No. 3 Tennessee (20-2, 7-0) and No. 9 Georgia (19-4, 6-2) tip off Monday at 7 p.m. Eastern (ESPN2, Lady Vols Radio Network) at Thompson-Boling Arena as part of "Rivalry Week."

The two teams certainly qualify as rivals. This will be the 52nd meeting between the programs and even the underclassmen recognize how much this game matters to the coaching staff and not just because it's an SEC matchup.

Summitt is expected to stay with her starters: Shannon Bobbitt, 5'2 point guard, No. 00 (8.0 points per game, 1.3 rebounds per game, 3.1 assists per game); Alexis Hornbuckle, 5'11 junior guard, No. 14 (9.9 ppg, 4.8 rpg, 3.4 steals per game); Sidney Spencer, 6'3 senior forward, No. 1 (12.6 ppg, 4.1 rpg); Candace Parker, 6'5 sophomore forward, No. 3 (19.0 ppg, 9.0 rpg); and Nicky Anosike, 6'4 junior center, No. 55 (7.4 ppg, 5.8 rpg).

Georgia coach Andy Landers is expected to start: Ashley Houts, 5'6 freshman guard, No. 1 (8.7 ppg, 3.0 rpg), SEC Freshman of the Week on Jan. 22 – her third time – after playing 40 minutes and averaging 15 points and four assists in wins over Vanderbilt and Florida State; Janese Hardrick, 5'6 senior guard, No. 14 (9.1 ppg, 4.0 rpg), three-point threat, with two more threes will rank No. 6 on school career list, has started every SEC game this season; Cori Chambers, 5'9 senior guard/forward, No. 21 (13.7 ppg, 3.6 rpg), has 1,374 career points, 18th place so far on the school's all-time list, only player to start every game this season; Tasha Humphrey, 6'3 junior forward, No. 34 (15.7 ppg, 7.7 rpg), has 1,536 career points, 13th place so far on list, was SEC Player of the Week last week after averaging 25.5 points and 11.5 rebounds in wins over Ole Miss and Florida; and Megan Darrah 6'3 junior forward, No. 24 (8.3 ppg, 5.1 rpg), gives Georgia another three-point threat in the lineup, started all 32 games last season.

Key players off the bench for Georgia include sometimes starter Rebecca Rowsey, a 6'3 junior forward, and Angel Robinson, a 6'5 redshirt freshman forward. In the first game 6'1 freshman guard Christy Marshall scored 12 points off the bench.

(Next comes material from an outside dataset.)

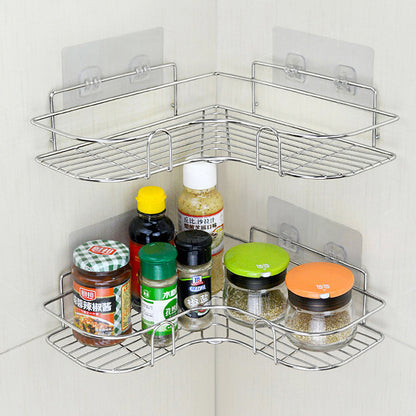 Stainless Steel Perforated Free Corner Shelf Bathroom WashRack Toilet Wall Suction Kitchen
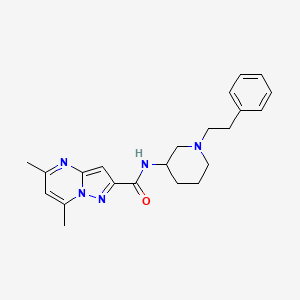 molecular formula C22H27N5O B6008557 5,7-dimethyl-N-[1-(2-phenylethyl)-3-piperidinyl]pyrazolo[1,5-a]pyrimidine-2-carboxamide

Tennessee is undefeated in conference play and alone in first place. Georgia is coming off a big win over LSU.

"I think it got our attention, the fact that Georgia beat them, and we had a tough game at Georgia," Summitt said. "I definitely feel like they're playing with a lot of confidence."

Landers seems to feel the same way.

"I believe we're on our way up," Landers said. "Defensively, we've been very good lately, even going back a couple of weeks. Offensively, we're not clicking like I know that we can or like we will, but I think that we're moving in that direction. This week holds a lot of promise in that regard. I think we can get a lot better."

Georgia is getting more scoring of late out of Humphrey, a First Team All-SEC player last season, who is putting up more points and grabbing more boards.

"She knows her capabilities and also I think she's realizing that her team needs her to be the leader," Hornbuckle said. "She's playing well. Inside-out, it's hard to guard somebody that body frame who is that multidimensional."

Hornbuckle and Humphrey are friends and correspond frequently, but the conversations aren't usually about basketball.

"It's our lives, but it's not everything," said Hornbuckle, who also counts LSU's Sylvia Fowles and Erica White and Maryland's Sa'de Wiley-Gatewood and Crystal Langhorne among her friends because they are in the same college class and played against and with each other while in high school.

Tennessee backup freshman point guard Cait McMahan, who has been a solid performer off the bench, knows Houts well from their summer playing days.

"We've been battling out since AAU," McMahan said. "Her AAU team and my AAU team always butted heads. We know each other. We talk off the court and stuff. I think she's doing a great job coming in as a freshman doing her thing for Georgia. Obviously her role is way different than my role. It's going to be a good competition throughout the next four years for both of us."

McMahan is still recovering from a bone bruise to her right knee that she suffered last fall. Doing anything basketball out of practice is prohibited – she can't do any shooting on her own, for example, to save wear and tear on her knee – but she is playing 15.1 minutes a game and after starting off the season with too many turnovers she has her assist to turnover ratio at 1:1 with total numbers of 29 and 28, respectively.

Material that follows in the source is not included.